Jakarta, businessnews.id — Akhir semester I 2014, Bank QNB Kesawan mencatatkan LDR (loan to deposit ratio) sebesar 104,4 persen. Bank tersebut menargetkan, pada akhir tahun, LDR itu turun ke 95 persen melalui pencarian dana murah.
Menurut Direktur Bisnis Bank QNB Kesawan, Azar Abdul Wahab, di Jakarta (25/9/2014), kondisi likuidtas bank tersebut tertolong oleh dukungan pemegang saham pengendali yakni Qatar Nasional Bank .
“Namun, dibanding dengan Bank yang lain yang dimiliki asing, LDR kami tergolong yang paling rendah,” dia berkata.
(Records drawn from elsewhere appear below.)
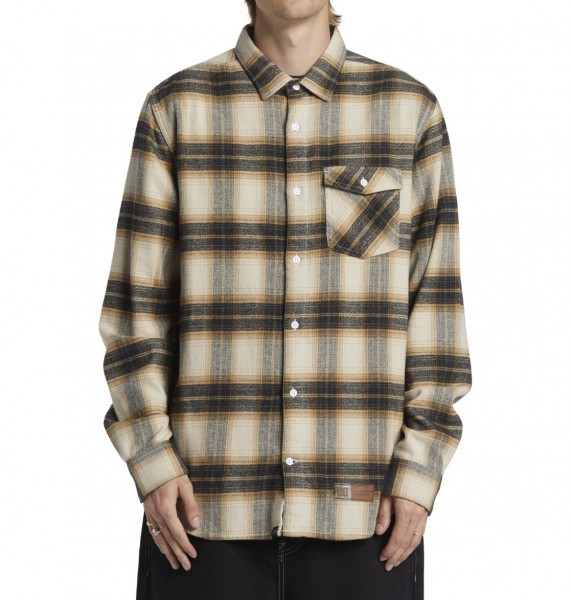 .//  /      Marshal Flannel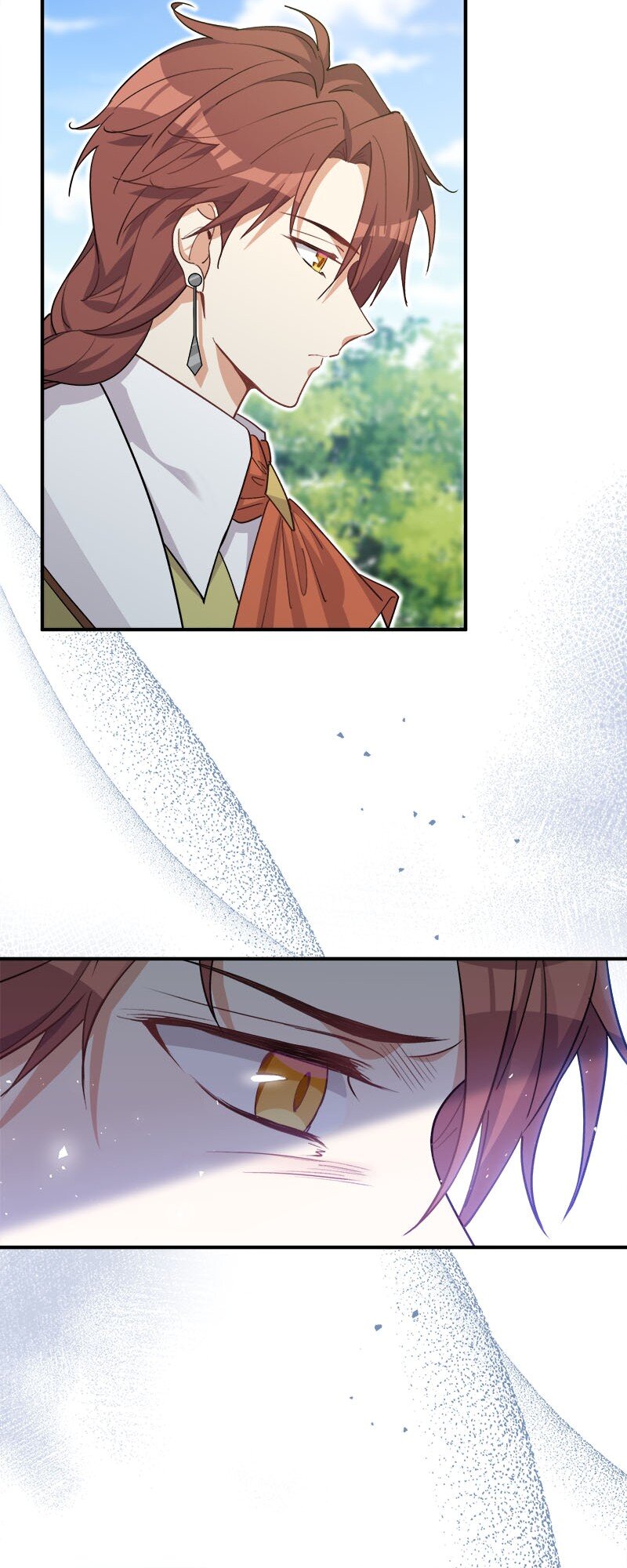 I Woke up as a Notorious Troublemaker! Chapter 10 - Page 11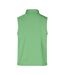 Veste Sans Manches Promo Homme Vert Bleu Marine James And Nicholson-2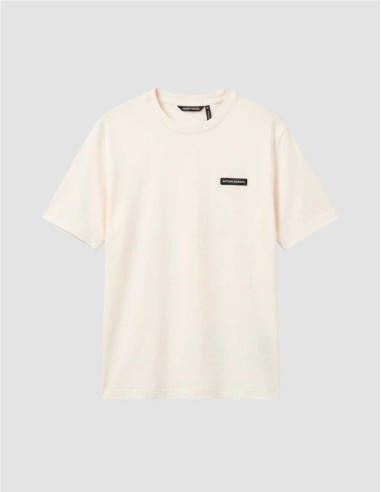 CAMISETA BASICA DE ANTONY MORATO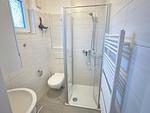 Badezimmer - Ferienwohnung "Mour" - Top-Hundeurlaub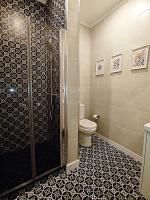 Tweepersoonskamer met Eigen Badkamer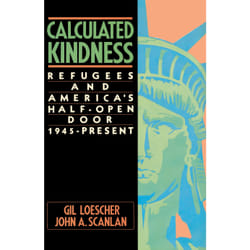 ISBN Calculated Kindness Livre de poche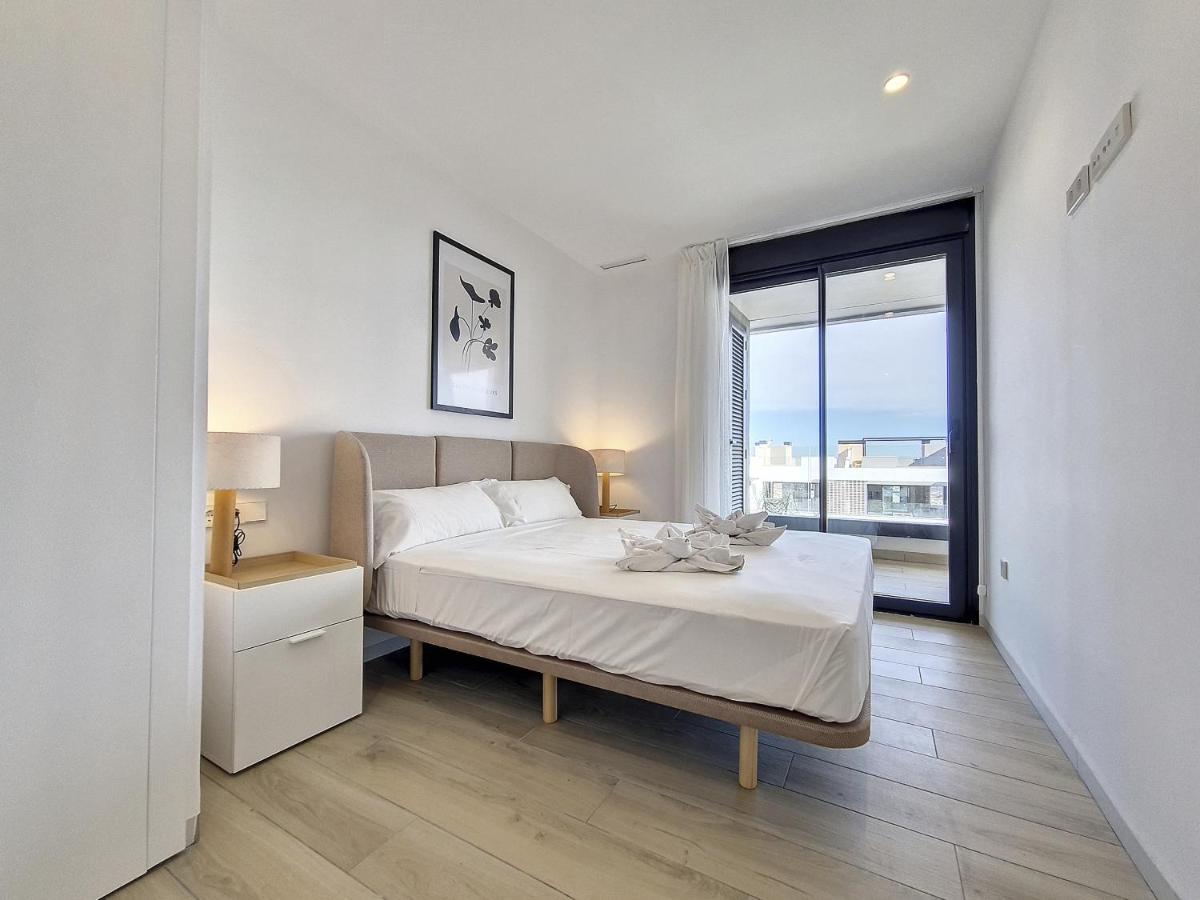 Santa Rosalia & Life - 1310 Appartement *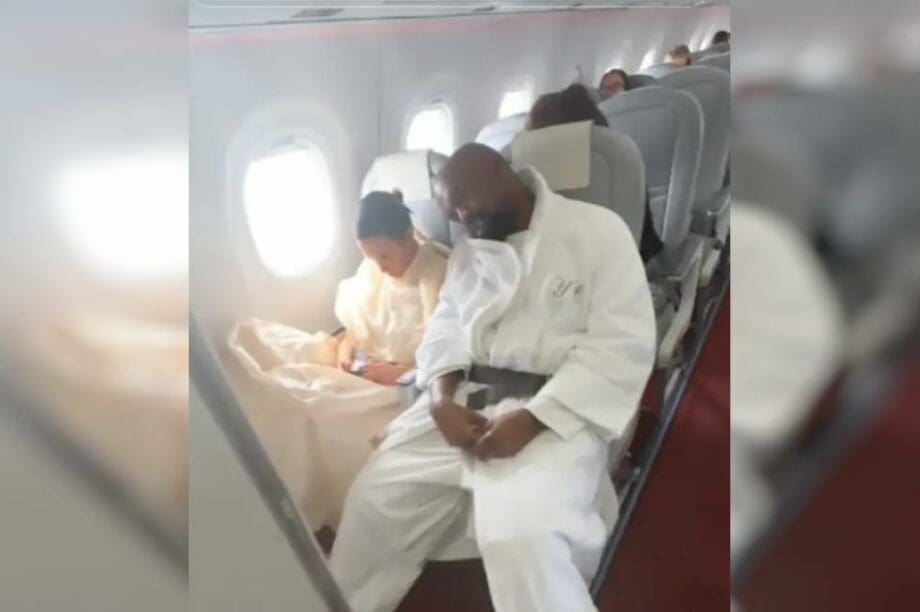 Kanye West Economy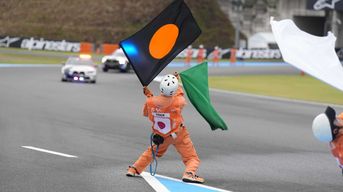 Mobility Resort Motegi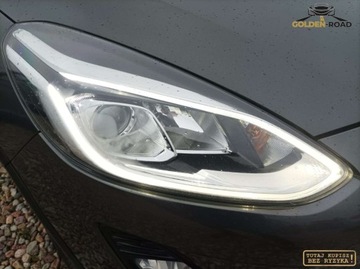 Ford Fiesta VIII Hatchback 3d 1.0 EcoBoost 125KM 2018 Ford Fiesta 1,0 ecoboost 125KM ACTIVE navi kamera alu led oplacona Benzyna, zdjęcie 19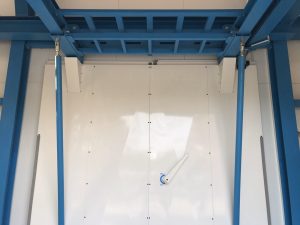 Read more about the article Shielding Door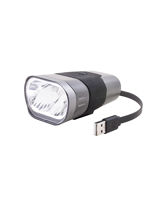 Picture of Lampa prednja AXENDO 60 Lux USB Spanninga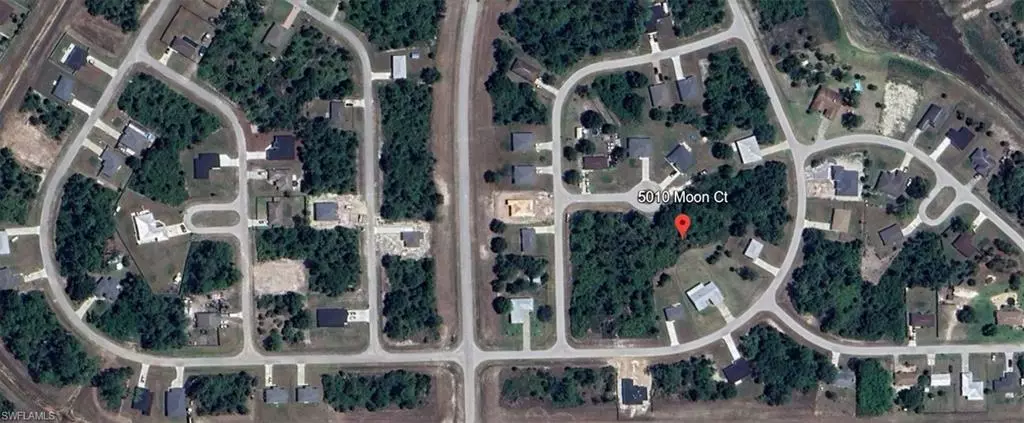 5010 Moon CT, Labelle, FL 33935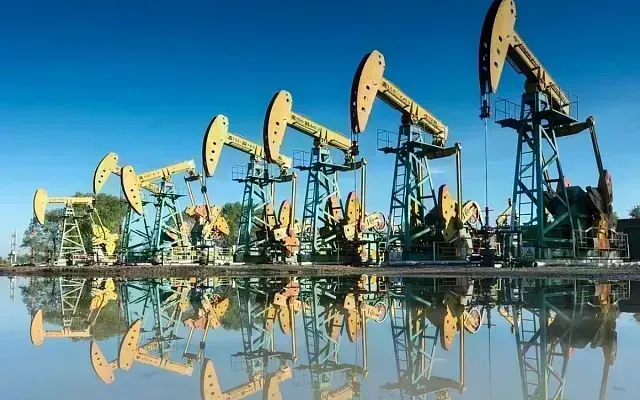 В мире число вновь открытых нефтегазовых месторождений упало до минимума за 45 лет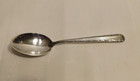 Towle Sterling Silver 1934 Candlelight 8 1 2  L  Serving Spoon  Family Estate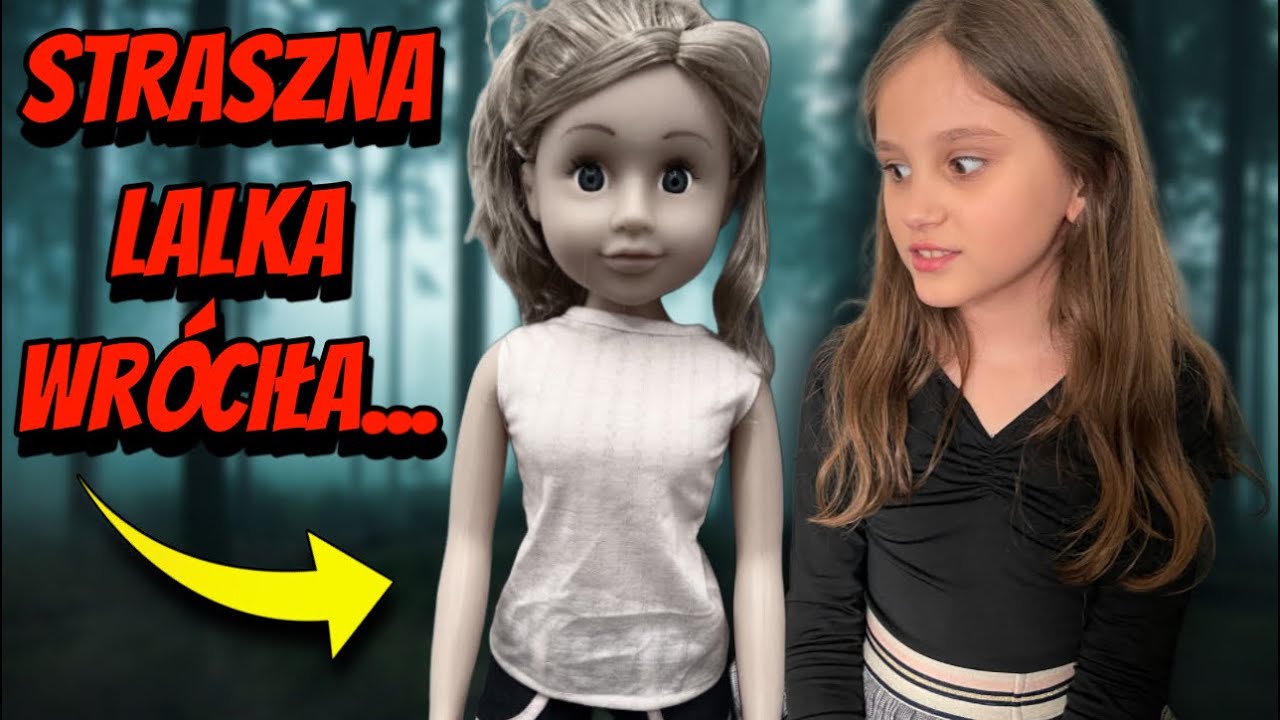 ONA WRÓCIŁA I ZACZĘŁA MÓWIĆ… PRANKUJEMY LENĘ😱😰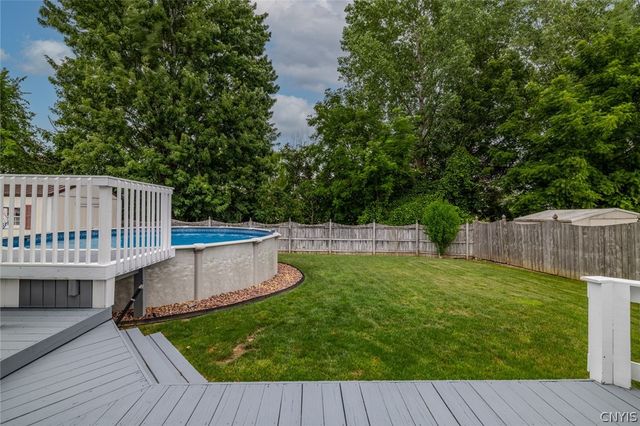 8226 Cicero Mills Road, Cicero, NY 13039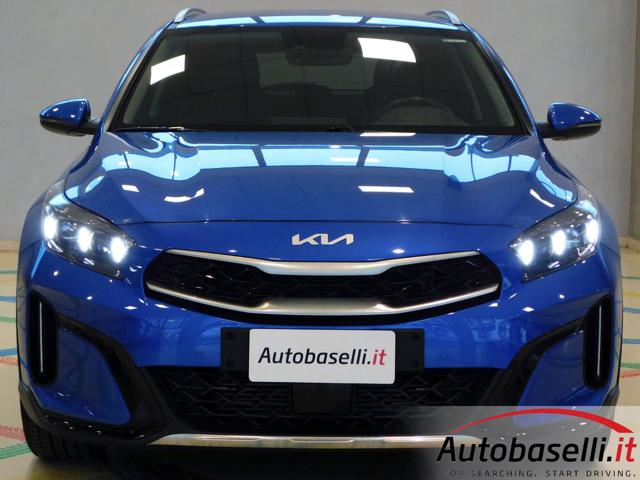 KIA XCeed usata, con Climatizzatore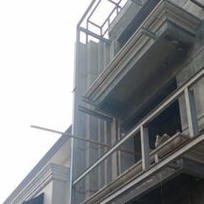 Lisplang Rumah GRC O8SATU8O7O632SATU4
Ia menambahkan, usaha untuk menurunkan LDR akan terus dilakukan melalui pencarian dana murah seperti penganekaragaman produk tabungan dan penambahan jaringan kantor.
“Kami harapkan, usaha ini dapat menurunkan LDR kami sampai ke angka 95 persen pada akhir tahun,” terang dia.
Sementara dari sisi kecukupan modal, di semester I 2014 ini, capital adequity ratio (CAR) QNB Kesawan tercatat 21,69 persen.
“Kami setiap tahun selalu melakukan aksi korporasi melalui right issue. Jika CAR telah mencapai belasan persen, kami akan melakukan right issue,” terang dia.
Pertambangan di Daftar Negatif
Dia menambahkan, sektor pertambangan masuk dalam daftar negatif penyaluran kredit korporasi. Sebab, larangan ekspor biji mentah dan merosotnya harga komoditas tambang masih berlangsung.
“Semua sektor kami masuki, namun hanya ada black list yakni pertambangan.”
Ia menambahkan, sebagai bank kategori BUKU II (bank umum kegiatan usaha II), pihaknya masih mengandalkan raihan pendapatan dari penyaluran kredit korporasi, sedangkan segmen UKM (usaha kecil menengah) masih minim.
Semester I 2014, QNB Kesawan telah mengucurkan kredit total Rp 10,7 triliun. Angka ini naik 31 persen dibandingkan akhir semester II 2013.
Langkah ekspansi itu disertai dengan perbaikan dalam proses kredit dan manajemen. Sedangkan NPL (non-performing loan) masih di angka 0,24 persen.
Sementara di sisi penghimpunan dana pihak ketiga (DPK)tercatat Rp 10,30 triliun atau tumbuh 41,17 persen dibandingkan semester II 2013. “Untuk perolehan laba sebelum pajak tercatat Rp 14 miliar,” kata dia.